Tentu masing-masing diantara kita memiliki pengamatan bahkan ada juga yang sudah berpengalaman berbeda-beda. Tentang apa yang kita sebut dunia pernikahan.
Artinya pengamatan saya tentu akan bias dengan hal subjektif berdasarkan apa yang saya lihat baik dari orang terdekat, teman-teman, hingga sepintas lalu meneropong dunia pernikahan.
Terakumulasilah semua yang saya lihat dan pernikahan menurut saya adalah sebuah rumah besar lagi panjang. Ada perjuangan panjang dan ada kelapangan dada yang teramat lebar.
Tidak sedikit saya menyaksikan pernikahan selesai karena disebabkan tidak sabarnya salah satu pihak atau bahkan saling tidak sabar. Lalu, ada juga yang berakhir di 10 tahun pernikahan karena tidak ada kelapangan dada.

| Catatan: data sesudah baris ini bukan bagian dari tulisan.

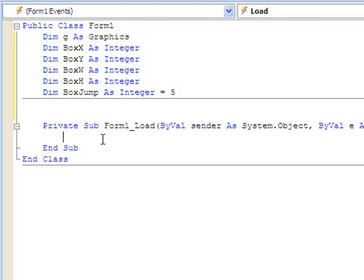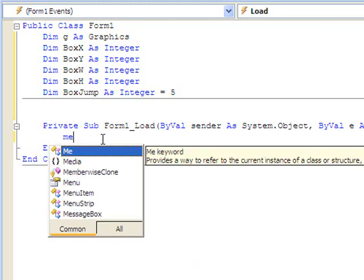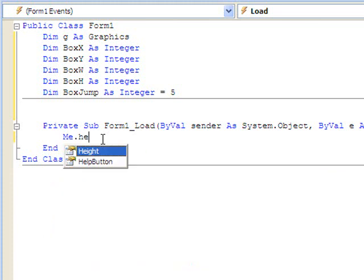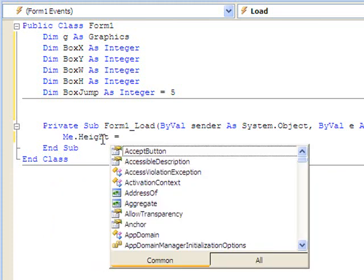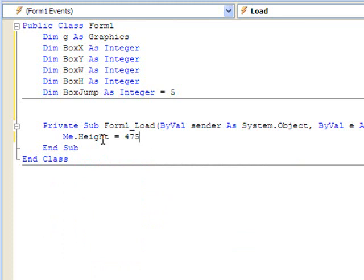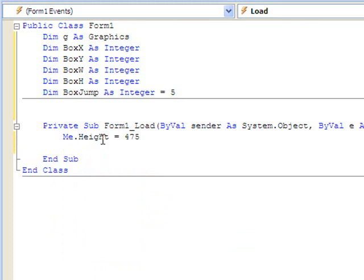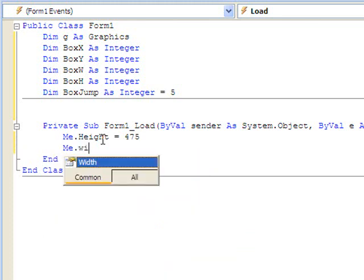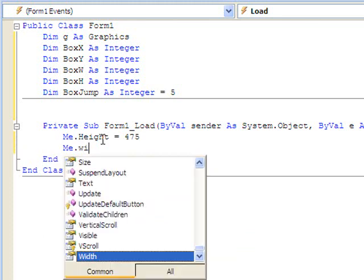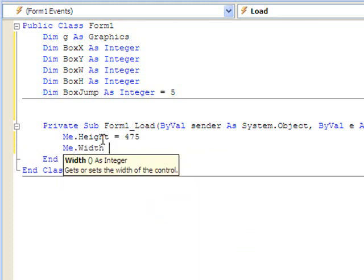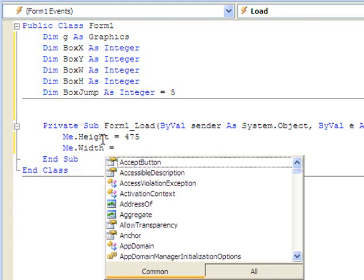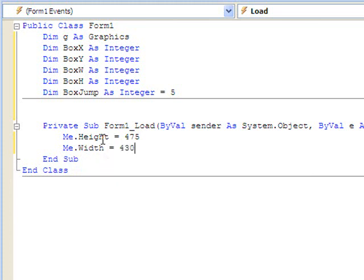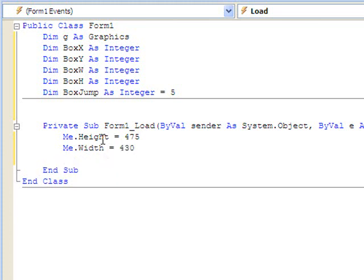So let's resize the form first. And let the form be a height of 475 pixels. These are just arbitrary. The width is 430 pixels.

Salah satu tidak romantis menurut salah satu pihak akhirnya ini menjadi acuan untuk berakhirnya bahtera pernikahan.
Fatherless dan kasih yang tak sampai
Sepakat kita semua bahwa patah hati adalah satu hal yang menyakitkan. Hal ini pengecualian untuk mereka yang bodo amat dan buru-buru mencari lagi dikarenakan mudah mengagumu. Ini lain cerita ya.
Patah hati kali ini saya ingin membahas tentang seorang anak kepada orang tuanya. Baiklah kita lupakan pembahasan sebelumnya tentang sekilas pernikahan yang berujung pisah karena dua hal ketika saya mencoba mengamati.